◆ **PROMPT**
Please transcribe the listing below in full, exactly as written, leaving out its pictures.

"""

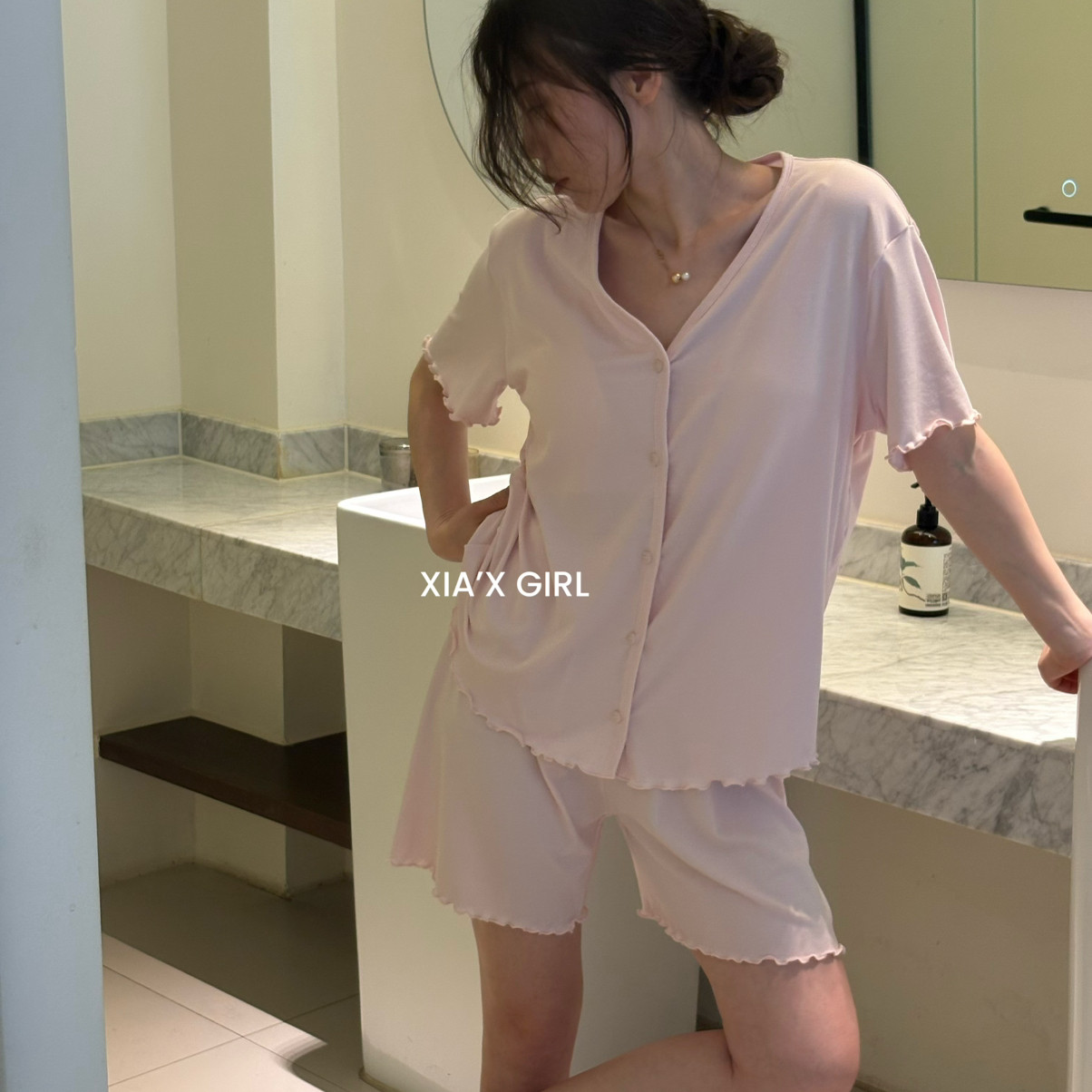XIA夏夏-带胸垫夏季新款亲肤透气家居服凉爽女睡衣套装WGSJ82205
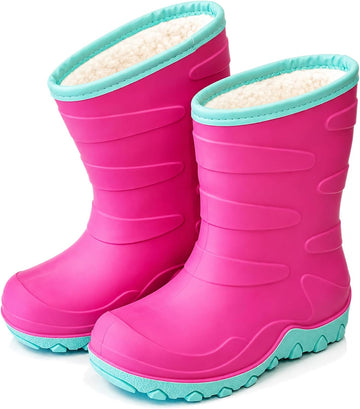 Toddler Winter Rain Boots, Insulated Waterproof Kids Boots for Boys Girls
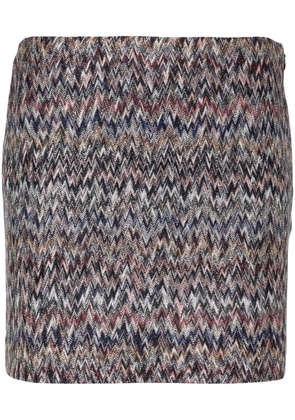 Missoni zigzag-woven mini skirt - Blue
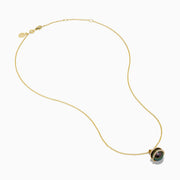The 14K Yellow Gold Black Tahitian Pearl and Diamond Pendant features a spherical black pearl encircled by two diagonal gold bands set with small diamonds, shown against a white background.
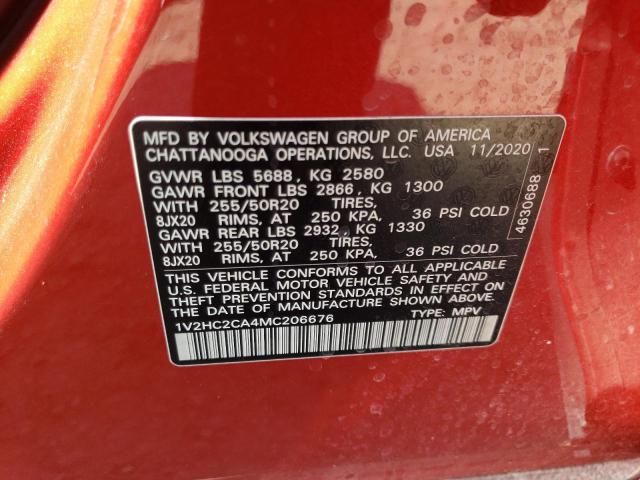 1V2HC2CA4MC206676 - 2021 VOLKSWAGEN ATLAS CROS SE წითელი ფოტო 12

"""

◆ **YOUR RESPONSE**
XIA夏夏-带胸垫夏季新款亲肤透气家居服凉爽女睡衣套装WGSJ82205
 Toddler Winter Rain Boots, Insulated Waterproof Kids Boots for Boys Girls
 Missoni zigzag-woven mini skirt - Blue
The 14K Yellow Gold Black Tahitian Pearl and Diamond Pendant features a spherical black pearl encircled by two diagonal gold bands set with small diamonds, shown against a white background.
 1V2HC2CA4MC206676 - 2021 VOLKSWAGEN ATLAS CROS SE წითელი ფოტო 12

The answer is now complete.